= Exhibit (legal) =

Legal evidence presented to a jury

An exhibit, in a criminal prosecution or a civil trial, is a physical or documentary evidence brought before the jury.  The artifact or document itself is presented for the jury's inspection. Examples may include a weapon allegedly used in the crime, an invoice or written contract, a photograph, or a video recording.

The main concept behind correct evidence handling is that the item recovered is the same as that produced in the court room.

The usual term applied to such handling is "chain of custody". The term denotes the links in the handling of the exhibit in question. For example, details of the item, the place, date, time it was recovered, and by whom it was recovered - the first link. The subsequent links in the chain refer to anyone required to handle the exhibit, mainly for identification purposes. The final link is the production of the item in court. This particular level of auditable handling is paramount when dealing with items of a forensic nature, as it reduces the opportunity for the defense to challenge the authenticity of the item.

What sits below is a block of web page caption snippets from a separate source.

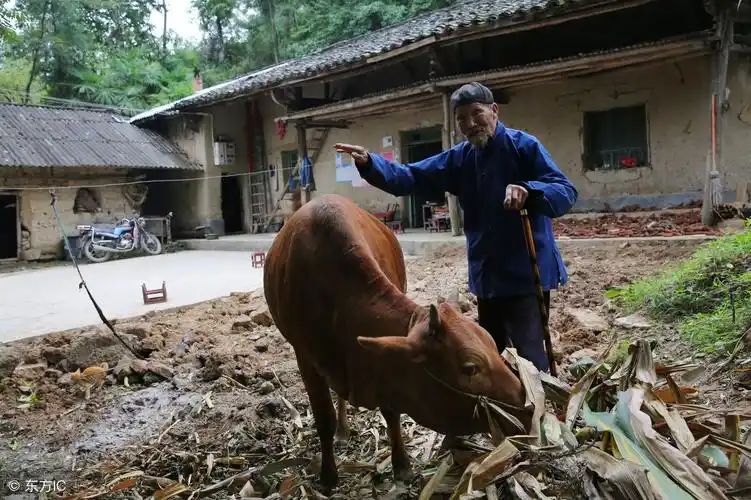百岁之前没去过医院85岁骑牛背上放牛,父子俩日出而作日落而息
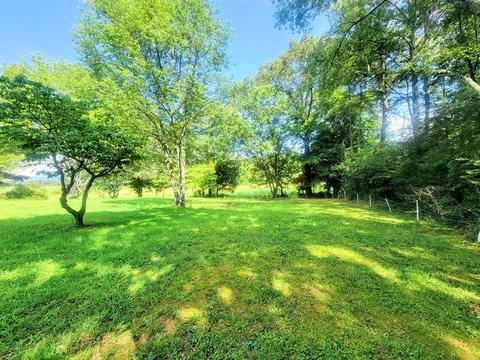 278 Beech Springs Rd, Ocoee, TN 37361 photo 2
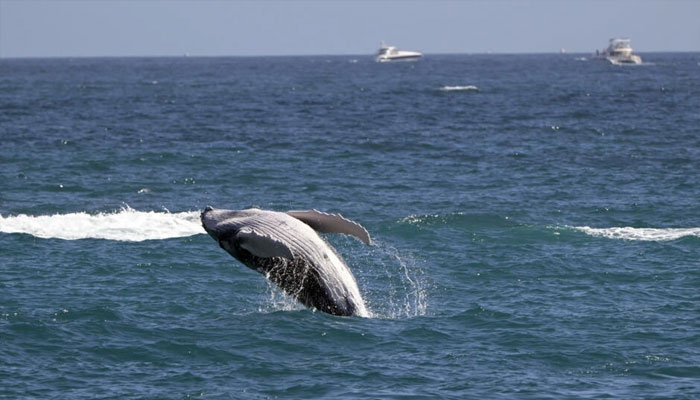 A gray whale is seen in this undated photo. — AFP/file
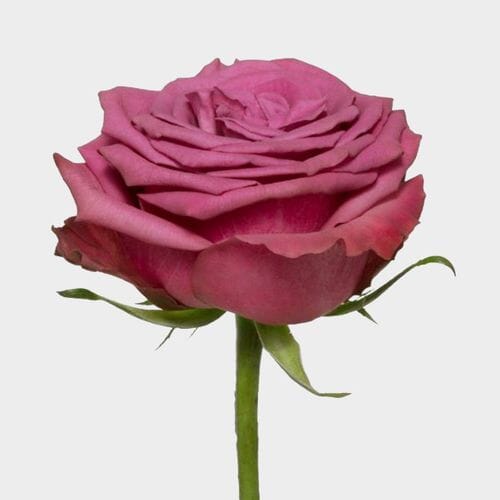 Bulk flowers online - Rose Blueberry 50cm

The chain of custody can be less stringent when dealing with property which has a unique identifying feature like a serial number. In such a case, the physical security becomes the main concern of the person recovering the item. Such security is normally achieved by booking the item into a central evidence room.

The exhibits in any one law case are often labelled Exhibit A, Exhibit B, Exhibit C, etc. to distinguish between them.

==Exhibit Preparation==
The logistical process of preparing evidence for court presentation is known as exhibit preparation. This involves several steps essential for the proper introduction and management of evidence:

Labeling (Exhibit Stickers): Physical documents and media are affixed with official exhibit stickers (labels). These labels formally mark the document and may include fields to denote whether the exhibit is being used for a deposition or a trial, case name, and so on.

Cover Pages (Slipsheets): When exhibits are attached to formal court filings, such as motions or discovery responses, a separate cover page, known as a slipsheet, is often inserted before each exhibit. This page clearly identifies the exhibit number or letter and title for the court and opposing counsel.

Exhibit Lists: A comprehensive, sequentially numbered exhibit list must be created. This list tracks the exhibit number, a brief description of the item, and notes on when and if the exhibit was formally admitted into evidence.

Historically, exhibit preparation was a manual, time-intensive process. However, this function is increasingly handled via software automation. Dedicated litigation support tools, such as Exhibit Flow, automate the generation and insertion of exhibit stickers, slipsheets, and the creation of exhibit lists.

==Other uses==
In personal injury cases, a legal or medical exhibit is created containing drawings or illustrations of human anatomy with graphic, medically accurate depictions of injuries and surgeries sustained by the plaintiff as a result of an accident or injury. Legal exhibits are commonly used by trial attorneys in personal injury cases to maximize the value of the case, enhance settlement negotiations, increase effectiveness of medical expert testimony and maximize trial presentation. The most common types of personal injury claims are road traffic accidents, accidents at work, tripping accidents, assault claims, accidents in the home, product defect accidents (product liability) and holiday accidents. This also includes medical or dental accidents and wrongful death cases resulting from the negligence of a health care provider.